> **Records provided**
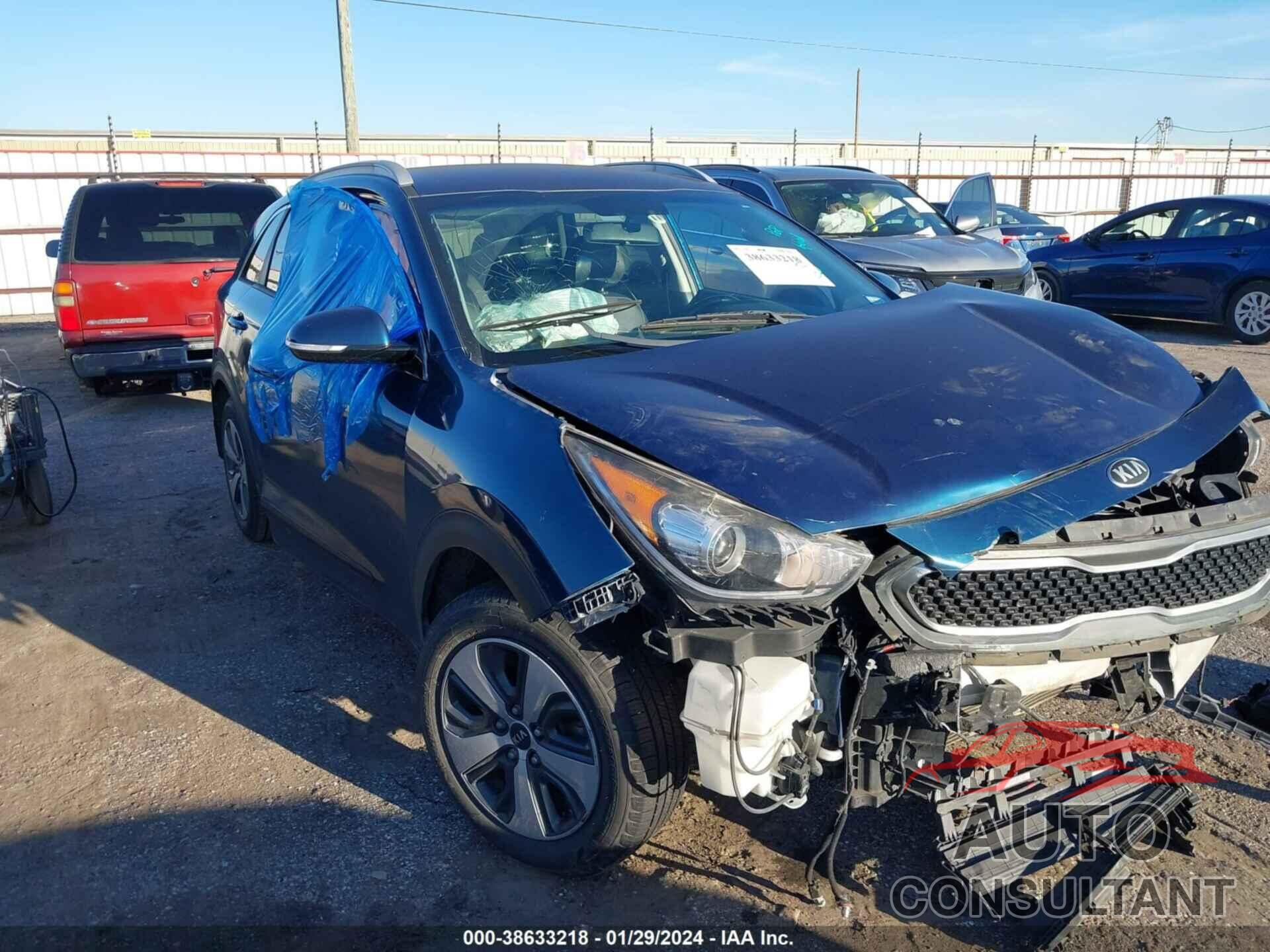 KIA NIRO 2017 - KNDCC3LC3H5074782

...

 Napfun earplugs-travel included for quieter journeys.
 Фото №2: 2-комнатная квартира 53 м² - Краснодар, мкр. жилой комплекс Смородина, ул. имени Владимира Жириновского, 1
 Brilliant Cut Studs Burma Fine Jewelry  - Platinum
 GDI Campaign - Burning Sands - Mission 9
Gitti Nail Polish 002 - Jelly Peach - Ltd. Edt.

--

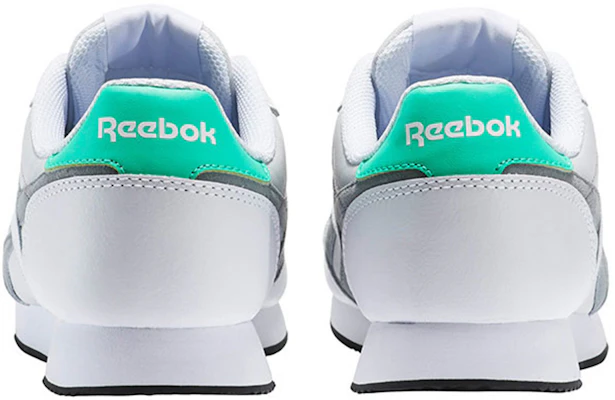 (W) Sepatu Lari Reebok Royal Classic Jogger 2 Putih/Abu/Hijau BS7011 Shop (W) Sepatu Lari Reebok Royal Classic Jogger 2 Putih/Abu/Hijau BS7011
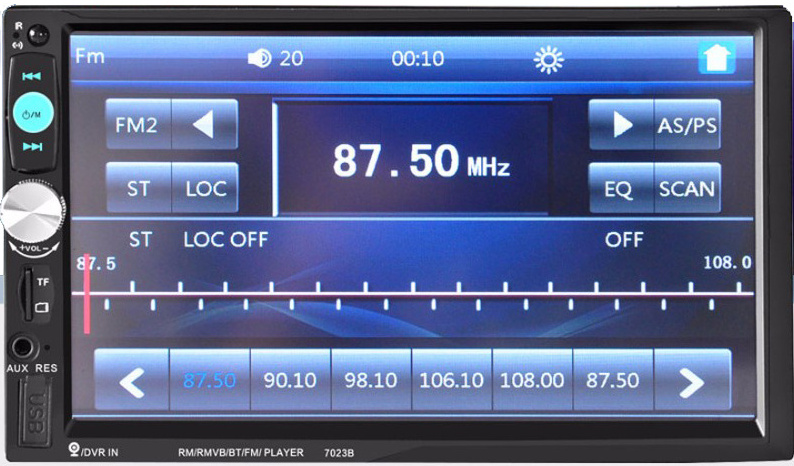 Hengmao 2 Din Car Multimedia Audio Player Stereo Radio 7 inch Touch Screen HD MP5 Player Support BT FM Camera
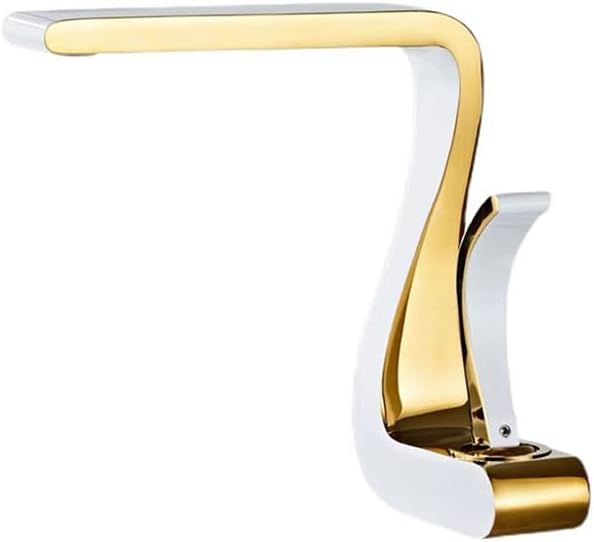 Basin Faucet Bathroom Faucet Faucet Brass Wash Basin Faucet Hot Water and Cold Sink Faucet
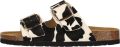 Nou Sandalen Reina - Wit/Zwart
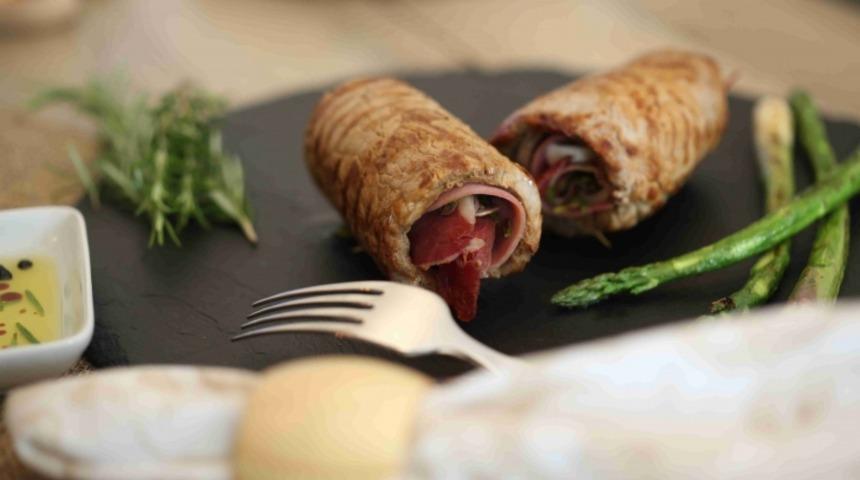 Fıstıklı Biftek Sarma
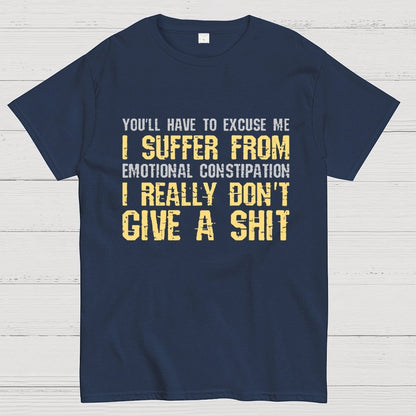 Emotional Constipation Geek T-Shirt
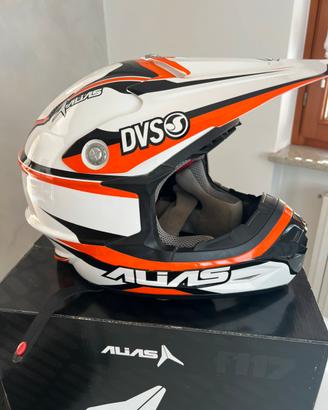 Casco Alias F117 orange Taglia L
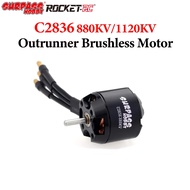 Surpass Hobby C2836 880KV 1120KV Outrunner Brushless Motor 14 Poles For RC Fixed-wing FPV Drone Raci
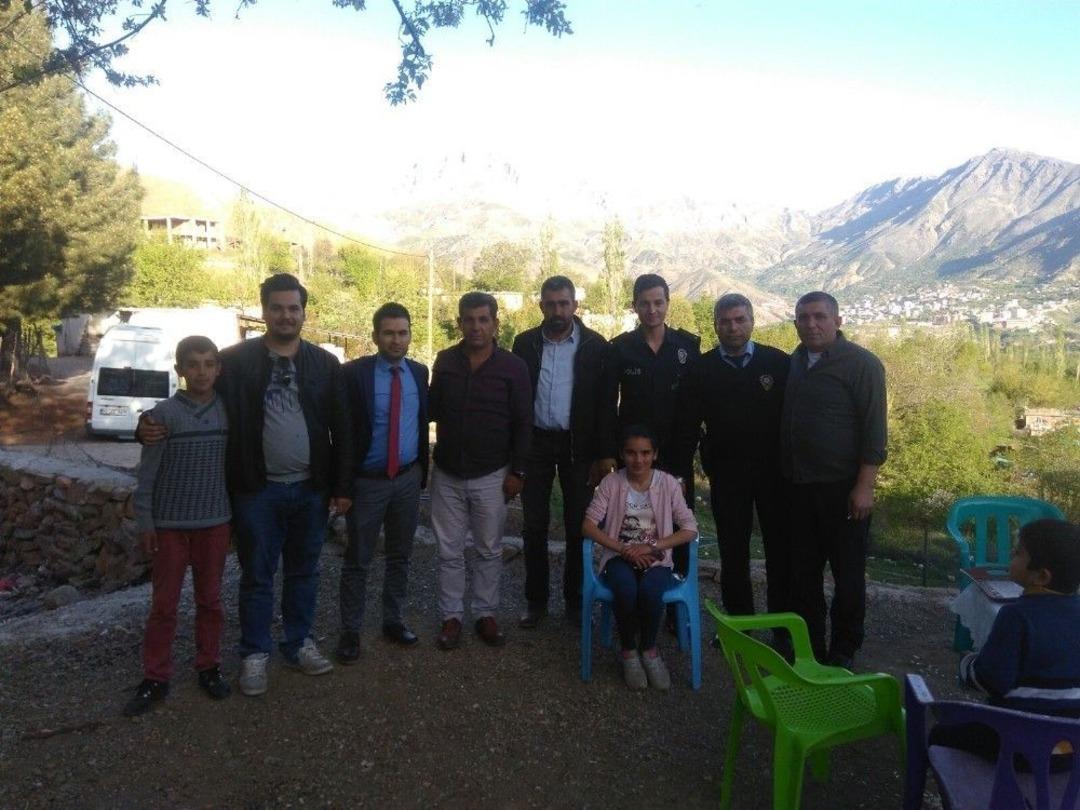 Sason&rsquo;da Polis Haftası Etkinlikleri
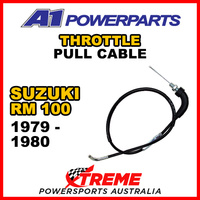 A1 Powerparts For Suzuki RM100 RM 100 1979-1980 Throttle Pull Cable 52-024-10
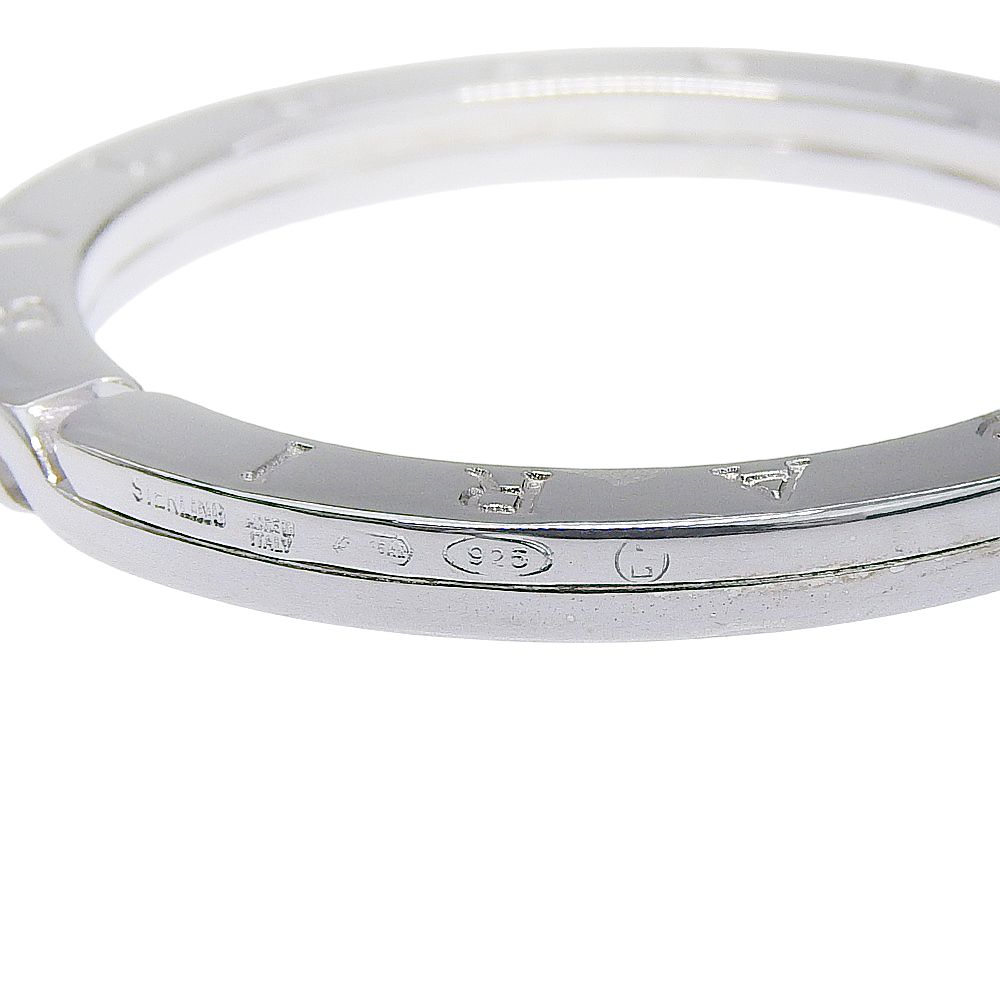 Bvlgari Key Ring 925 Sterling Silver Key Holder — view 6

> **Aim of the exercise**
Within the listing above, extract exactly the lines that run from the one containing "Basin Faucet Bathroom" through the one containing "Surpass Hobby C2836", excluding any pictures.

> **Solution to the exercise**
 Basin Faucet Bathroom Faucet Faucet Brass Wash Basin Faucet Hot Water and Cold Sink Faucet
 Nou Sandalen Reina - Wit/Zwart
 Fıstıklı Biftek Sarma
 Emotional Constipation Geek T-Shirt
 Casco Alias F117 orange Taglia L
 Surpass Hobby C2836 880KV 1120KV Outrunner Brushless Motor 14 Poles For RC Fixed-wing FPV Drone Raci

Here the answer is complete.